Romani languages is then more threatened for settled Romanis, than it is for nomadic Romanis which can naturally preserve their language in well-defined familial communities, independantly of national borders.
So we still need better, more stinctive native names for Romani languages. For now [rom] (Romani "macrolanguage") and Vlax Romani share the same ambiguous name. I think that only the current translation for [rom] is correct. We need better native names for all the listed variants (notablyt because they are in fact not really mutually intelligible: different Romanu people using them will interact partly but most often using another non-Romani language, such as one of the major languages for the place where they are currently, or where they send their children to local schools: they can speak German, French, Spanish, Italian, Hungarian, Serbo-Croatian, Czech, Slovak, Romanian, Bulgarian, Ukrainian or Russian in their meetings, and will just learn a few words from other Romanes they meet and use them temporarily...).
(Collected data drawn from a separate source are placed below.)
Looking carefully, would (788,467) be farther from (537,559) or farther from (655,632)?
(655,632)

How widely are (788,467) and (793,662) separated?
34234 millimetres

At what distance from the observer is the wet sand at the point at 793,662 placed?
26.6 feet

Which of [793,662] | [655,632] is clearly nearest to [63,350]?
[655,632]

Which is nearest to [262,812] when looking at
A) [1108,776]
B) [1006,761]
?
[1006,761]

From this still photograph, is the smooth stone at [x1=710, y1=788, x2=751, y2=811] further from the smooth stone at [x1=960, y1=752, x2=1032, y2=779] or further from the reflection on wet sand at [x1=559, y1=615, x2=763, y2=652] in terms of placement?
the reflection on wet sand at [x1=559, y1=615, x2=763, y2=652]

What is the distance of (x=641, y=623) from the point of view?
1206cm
"romani čhib" and "romaňi čhib" both means "romani language" (rom) without specification within the romani languages. The population use to say they speak Romani without any specification even if they do not, for have difficulties to understand other Romani. For Carpathian Romani, it's possible to translate "Carpathian Romani language" by "Karpatcko romaňi čhib". It's certainly not often used and long but native speakers will understand that it's the "Eastern Slovak and around Romani". Romanes as wrote Verdy p is not correct and also ambiguous. Maybe, I should try to ask at the Romani for Romani studies at the university of Prešov which term they use.